Clarke questioned whether the data service companies kept no copies of data sent to their computer systems because, in some cases, duplication might be required to investigate any subsequent enquiries or complaints.
Copying the data might also be necessary for data companies to defend themselves against any potential legal actions.
Clarke said NAB’s decision not to disclose the identity of the data service companies might indicate that the incident was serious.
“The risks are materially different depending on who the data service companies are, where they are and why they are recipients of such data,” he said.
“It’s therefore completely inadequate to an understanding of the significance or otherwise of the matter for the bank to refuse to disclose the companies’ identities.
“Furthermore, it raises the spectre that the matter was at the serious end of the spectrum and or that naming the companies would draw attention to the existence of data flows that the public is unaware of.”
The data breach is the latest in a string of operational failures at NAB since 2013 that have drawn special attention to its risk culture from the Australian Prudential Regulation Authority.

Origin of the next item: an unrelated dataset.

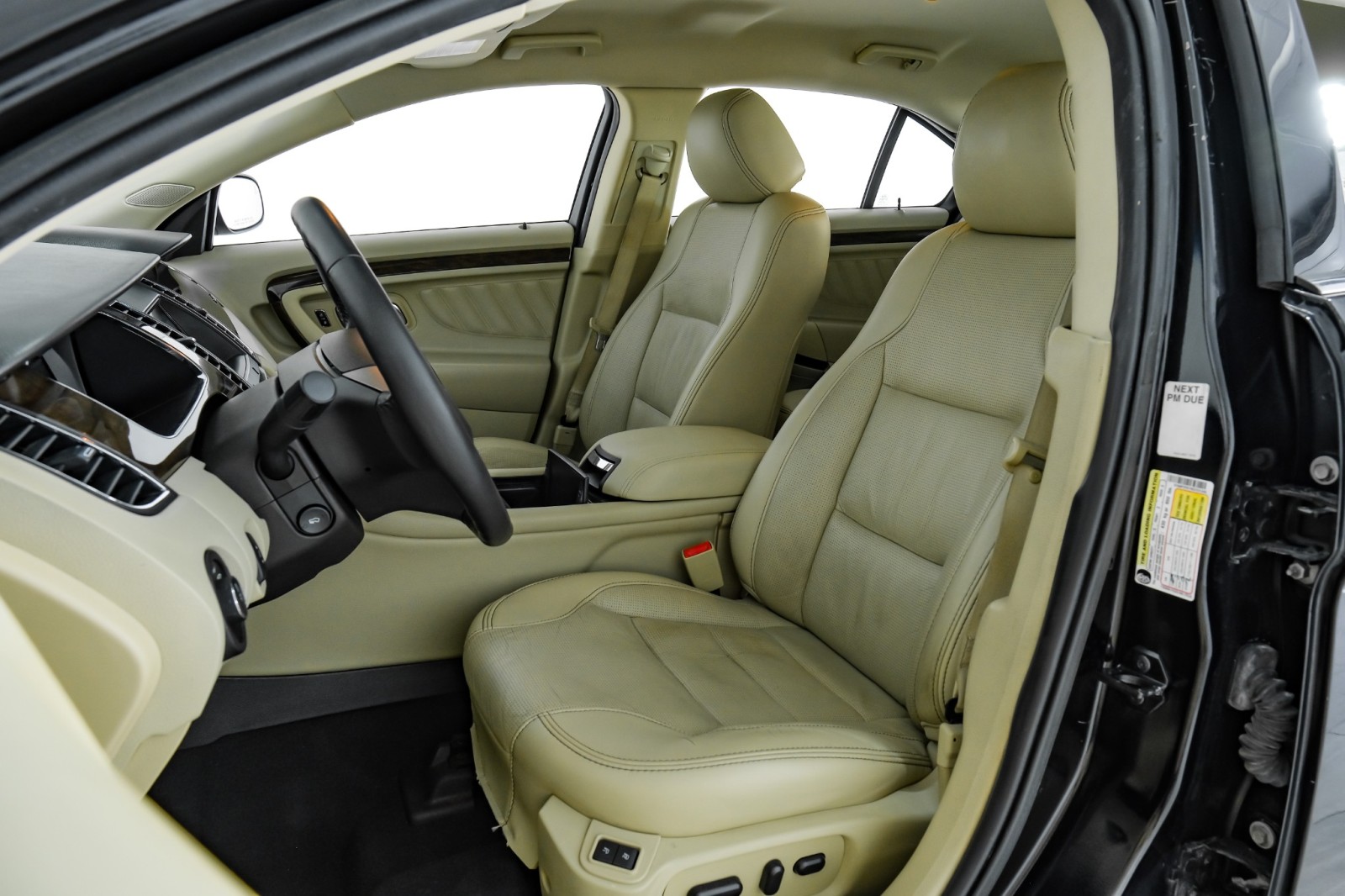 2019 Ford Taurus Limited Image 23 of 53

In a self-assessment of its governance and culture in November last year, the bank’s board highlighted weaknesses in its data management activities and pledged to commit more resources to improve performance.
However, operational breakdowns have continued this year as evidenced by the rise in critical outage incidents at the bank.

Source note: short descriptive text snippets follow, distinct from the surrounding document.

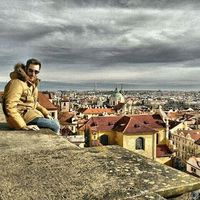 Alberto Iván González的照片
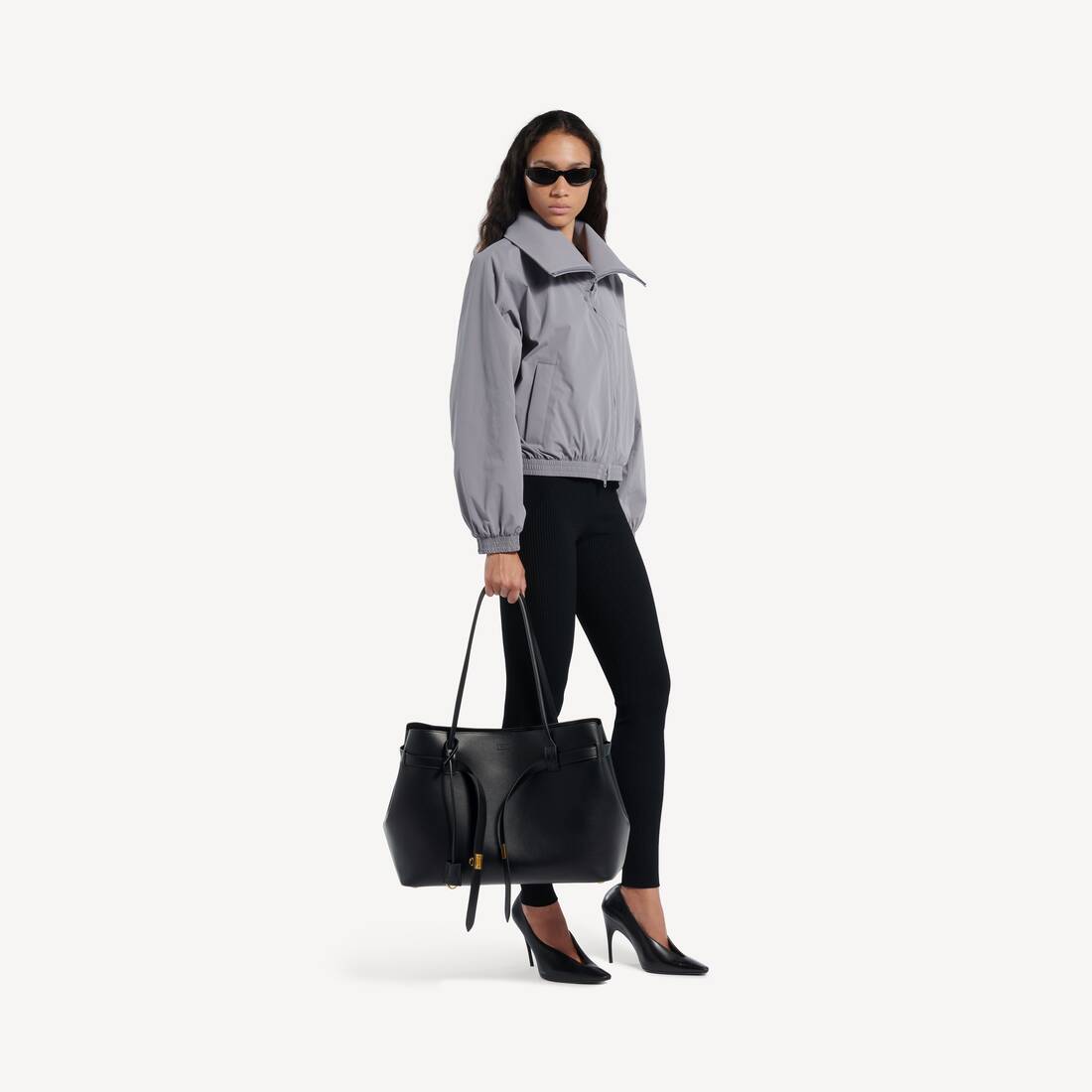 Women's Bel Air Tote Bag Large in Black | Balenciaga Brazil EN - Image 6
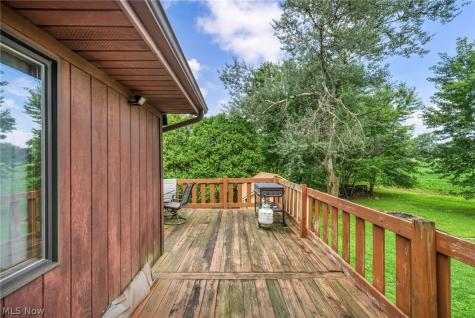 7601 Brookview Street Louisville OH 44641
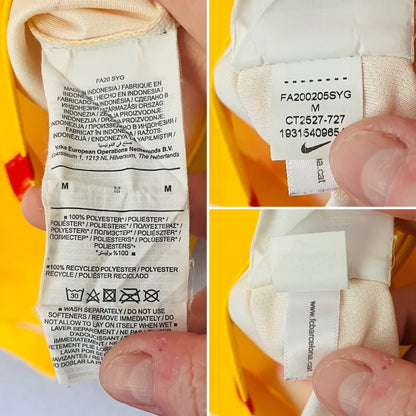 Barcelona fourth Senyera football shirt 2019/20 Suarez Medium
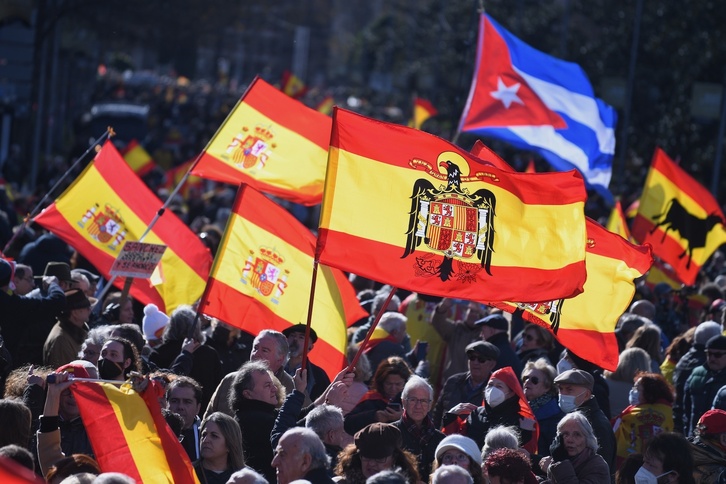 Entre las muchas banderas españolas no pudo faltar el águila de san Juan.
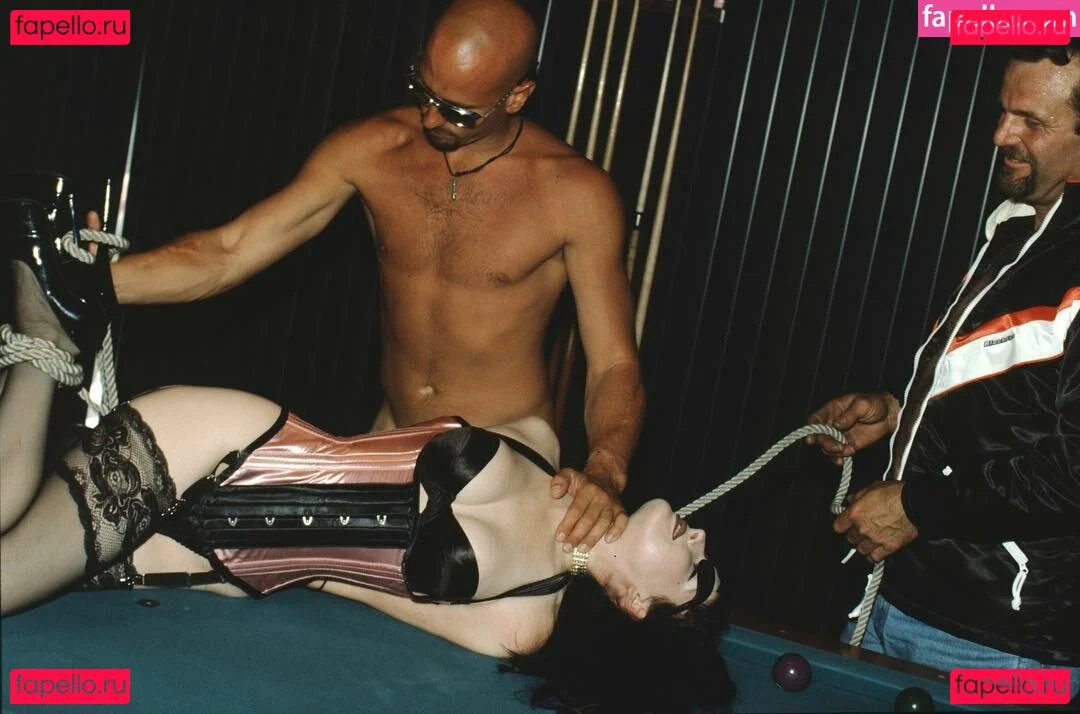 Dita Von Teese Onlyfans Photo Gallery 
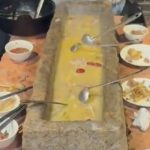 餐厅推出石槽火锅 被吐槽像“猪食槽”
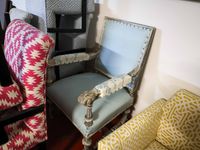 Paire de fauteuils en bois sculpté et rechampi gris, la garn… (photo 2)
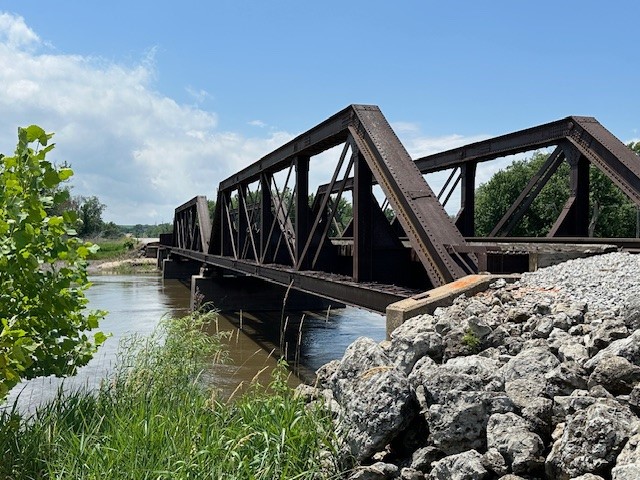 Iowa River rail bridge at MP.15 near Middle Amana, Iowa. 2024 photo 5.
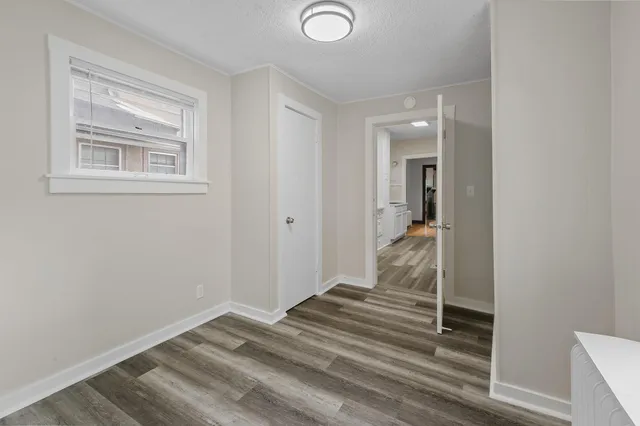 $1,599 | 2512 Dupont Avenue South, Unit 1, Minneapolis, MN 55405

While Australia’s widely-panned banking regulator recently imposed a $500 million capital penalty on the NAB in response to the findings of its self-assessment, Clarke is doubtful that the OAIC is capable of holding NAB to account for the privacy breach.

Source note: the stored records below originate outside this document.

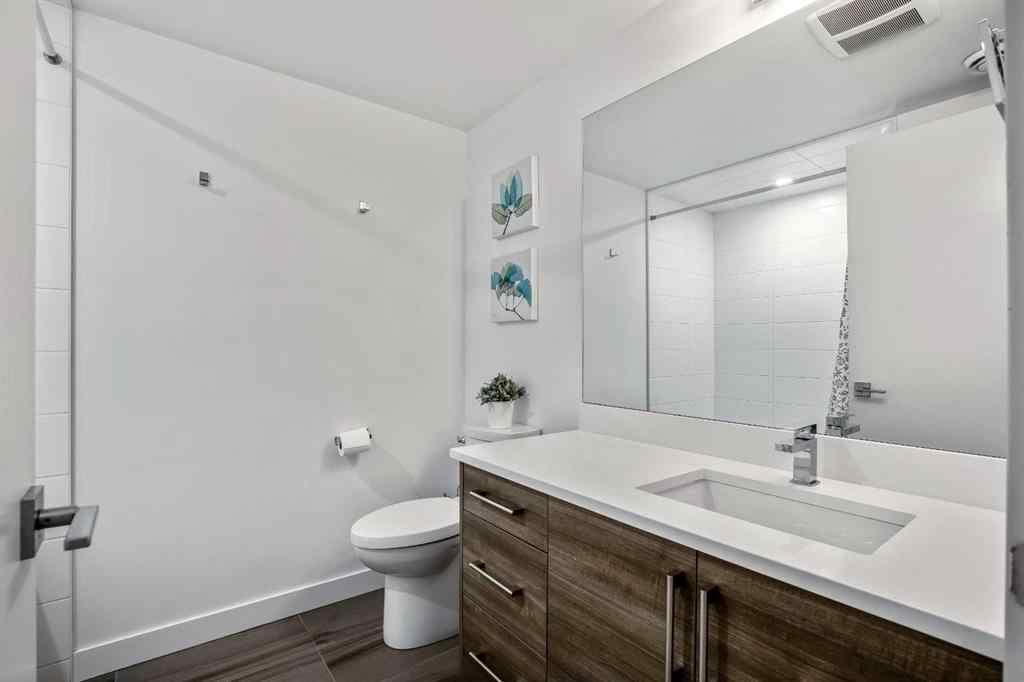 MLS® A2232812 - 2136 53 Avenue SW in North Glenmore Park Calgary, Residential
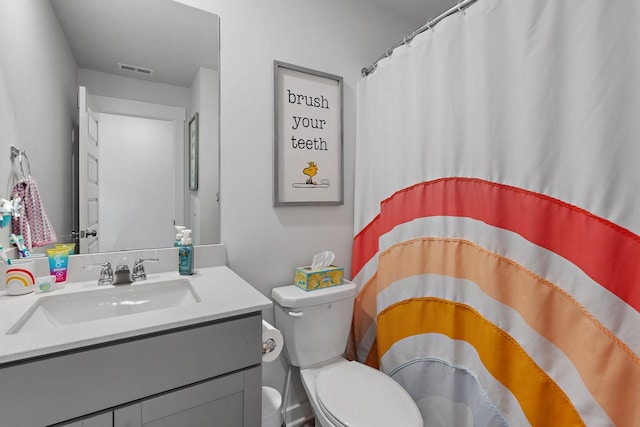 622 Birdie Dr, Spring Hill, TN 37174 - bathroom featuring vanity and curtained shower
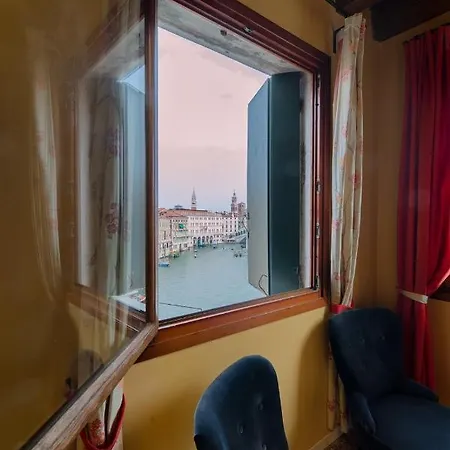 Hotel Ai Santi Apostoli 3*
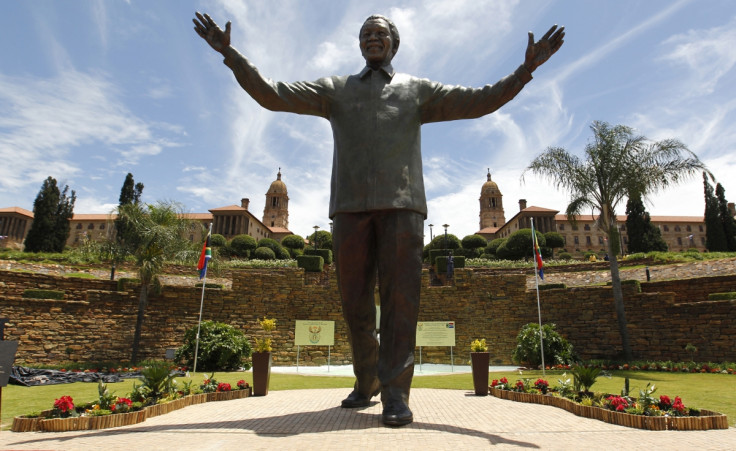 Nelson Mandela Statue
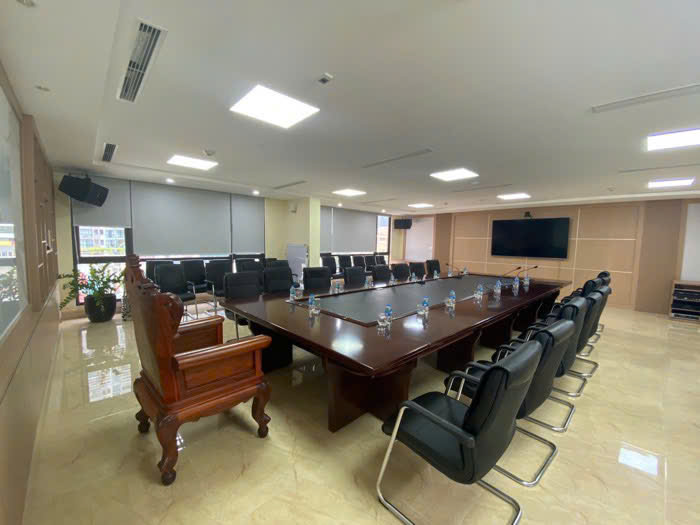 Bán nhà phân lô Lạc Long Quân – Tây Hồ DT 95m2 – MT 5m, 2 ô tô tránh, thang máy, KD tuyệt vời, gần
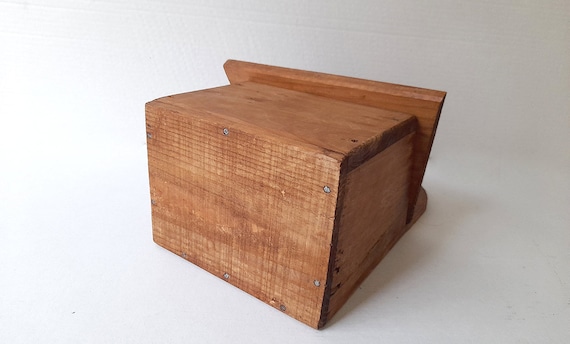 Caja Vintage de Madera con Tapa y Colgante. Caja de madera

“The OAIC has zero credibility in relation to either privacy protection or security expertise,” he said.
“The very poor behaviour of the NAB in the matter is indicative of the very low standard of security among Australian corporations and government agencies generally.
“The OAIC’s weakness and corporation-friendliness is a significant factor in this malaise, because it has refused to apply meaningful sanctions even for serious breaches.”